The patients in the study were given the experimental treatment after other treatments failed to help their illnesses.
The study involved gliomas. They make up 8 percent to 10 percent of childhood brain tumors. These tumors are usually treated with operations, chemotherapy, or radiation.
However, they often come back. Once they return, survival averages just under six months. In such cases, the immune system has lost the ability to find and attack the cancer. So, scientists have been looking for ways to make the tumor a fresh target.
To do this, they turned to the herpes virus. It creates a strong immune system response. A company based in Philadelphia, Pennsylvania, called Treovir, developed the treatment. Researchers there genetically changed, or modified, the virus so it would infect only cancer cells.
Doctors gave the modified virus to 12 patients ages 7 to 18. In all of them their cancer had worsened after usual treatments. Half also received one treatment of radiation. Radiation is thought to help the herpes virus spread.
In 11 of the 12 patients, imaging tests or tissue samples showed that the treatment was working.
Average survival was just over a year. That is more than two times longer than in the past. As of last June, four of the patients were still alive at least 18 months after treatment.
Tests also showed high levels of specialized immune system cells in their tumors. This suggests that the treatment had created help needed from the body to attack the disease. No serious safety issues were seen.
Jake Kestler had the treatment when he was 12.
"It went very well. He lived for a year and four months after that," said his father, Josh Kestler. This gave his son enough time to celebrate his bar mitzvah, go with his family to Hawaii, and see a brother be born.
Jake died April 11, 2019. But his father told the AP that they "have no regrets whatsoever" about trying the treatment. He and his wife have started a foundation, Trail Blazers for Kids, to continue this research.
"It's a devastating disease for these patients and their families," said Dr. Antoni Ribas. He is a cancer specialist at the University of California, Los Angeles, and president of the group holding the conference. He added that early results suggest the virus treatment is helping. However, the findings need to be confirmed in a larger study. Doctors are now planning such a study.
Friedman said studies are continuing in adults as well. He added that there are plans to try this treatment on other types of childhood brain tumors.
U.S. government grants and several foundations paid for the study, and several doctors have financial ties to the company Treovir.
Only one similar virus therapy is currently approved in the United States.

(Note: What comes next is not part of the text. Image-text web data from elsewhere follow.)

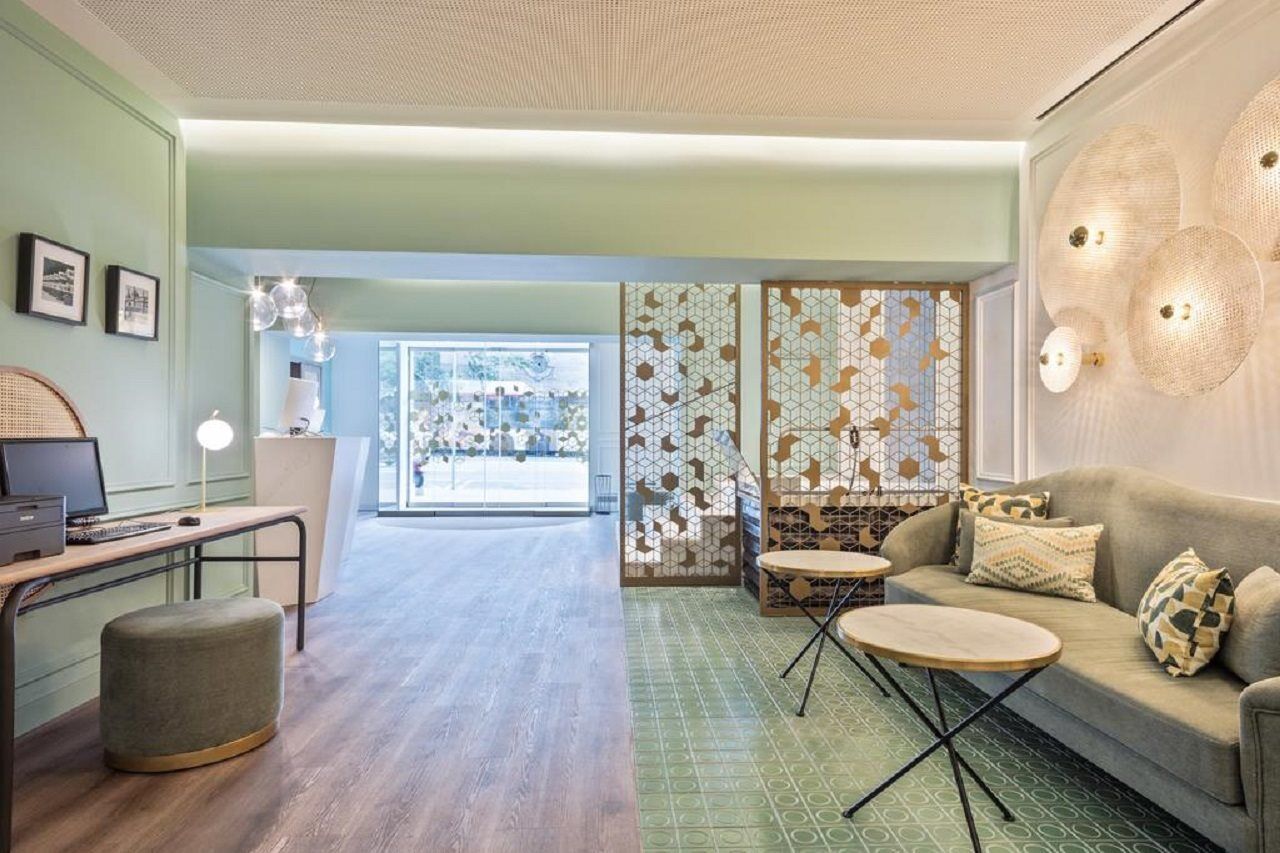 ברצלונה Hotel Via Augusta מראה חיצוני תמונה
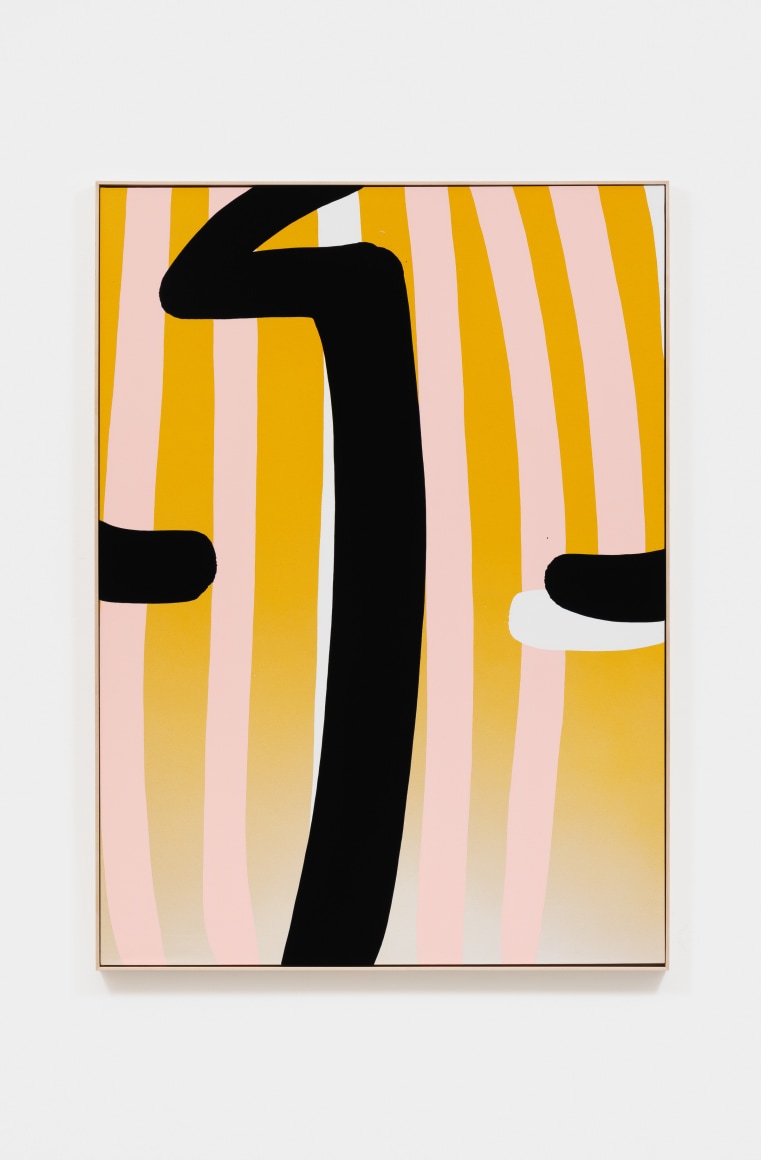 Cornelia Baltes Juk, 2022 Acrylic on canvas 70 7/8 x 51 1/8 x 1 1/8 in 180 x 130 x 3 cm (CBA22.006)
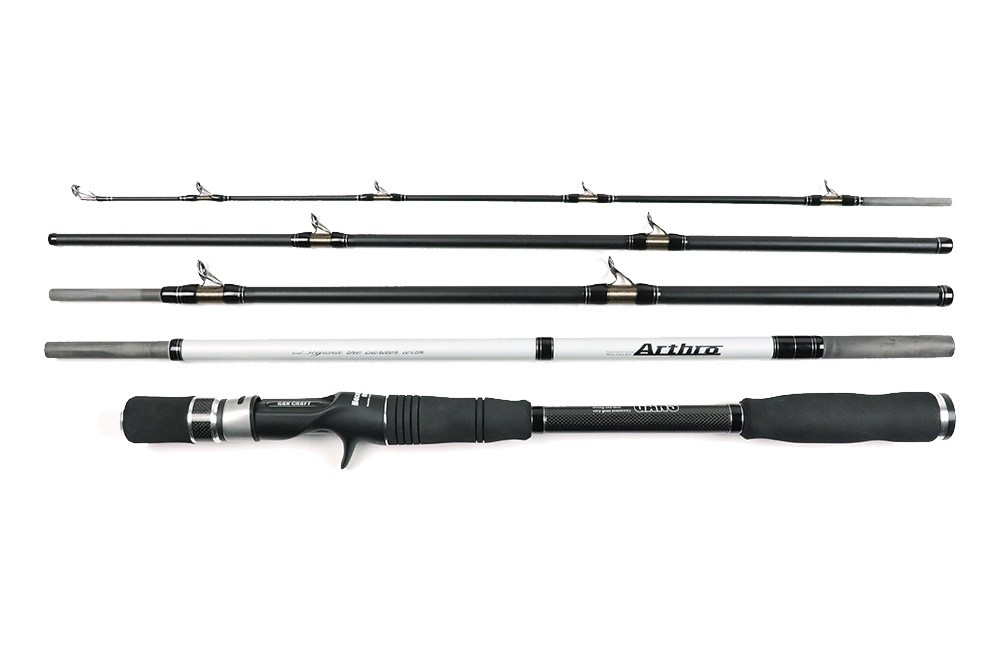 Удилище Gan Craft Arthro Dead Sword Magnum 7,4" (51cm) 220g 56-140g (2-5oz) 5pc - фото 1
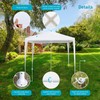 10'x10' Outdoor Party Tent, Tents for Parties, Wedding, Birthday, White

It is called Imlygic and is also a modified herpes virus. It is used for treating melanoma, the most serious type of skin cancer.
And that's the Health & Lifestyle report.
I'm Anna Matteo.
Marilynn Marchione reported this story for the Associated Press. Anna Matteo adapted it for VOA Learning English. Susan Shand was the editor.
Words in This Story
tumor – n. a mass of tissue found in or on the body that is made up of abnormal cells
immune system – n. the system that protects your body from diseases and infections
patient – n. a person who receives medical care or treatment
critical – adj. extremely important
chemotherapy – n. medical : the use of chemicals to treat or control a disease (such as cancer)
radiation – n. medical : the use of controlled amounts of radiation for the treatment of diseases (such as cancer)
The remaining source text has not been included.